--- Requirement ---
A faithful copy of all the data is required; pictures should not be included.

--- Dataset excerpt ---

--*--

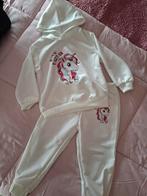 Nieuw joggingpak, Meisje, Nieuw, Ophalen of Verzenden, Pakje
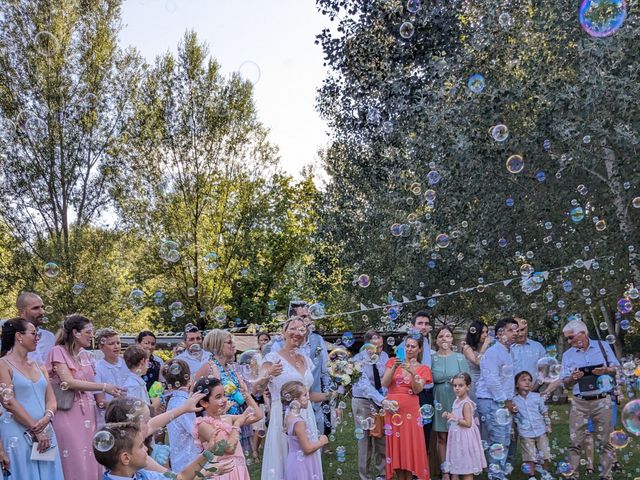 Le mariage de Romain et Amandine à Orange, Vaucluse 5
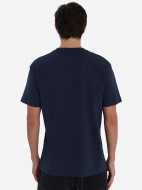 DC Shoes Tailgate ерлер футболкасы — фото №3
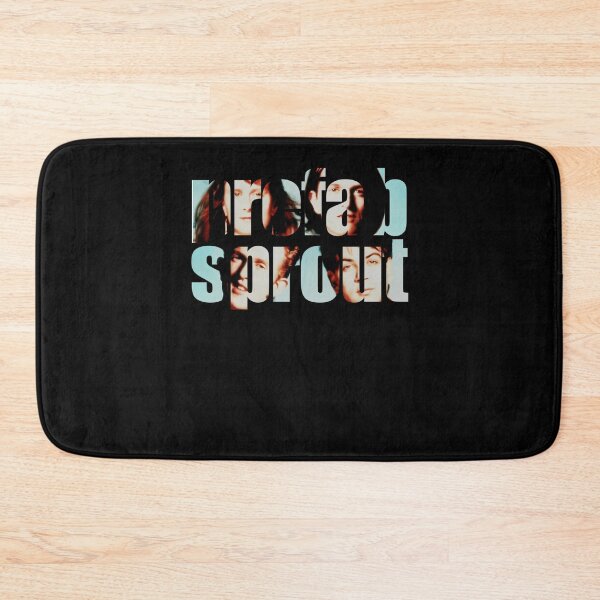 Item preview, THE PREFAB SPROUT BAND designed and sold by Arve22Store.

--*--

--- Finished exercise ---
 Nieuw joggingpak, Meisje, Nieuw, Ophalen of Verzenden, Pakje
 Le mariage de Romain et Amandine à Orange, Vaucluse 5
 DC Shoes Tailgate ерлер футболкасы — фото №3
 Item preview, THE PREFAB SPROUT BAND designed and sold by Arve22Store.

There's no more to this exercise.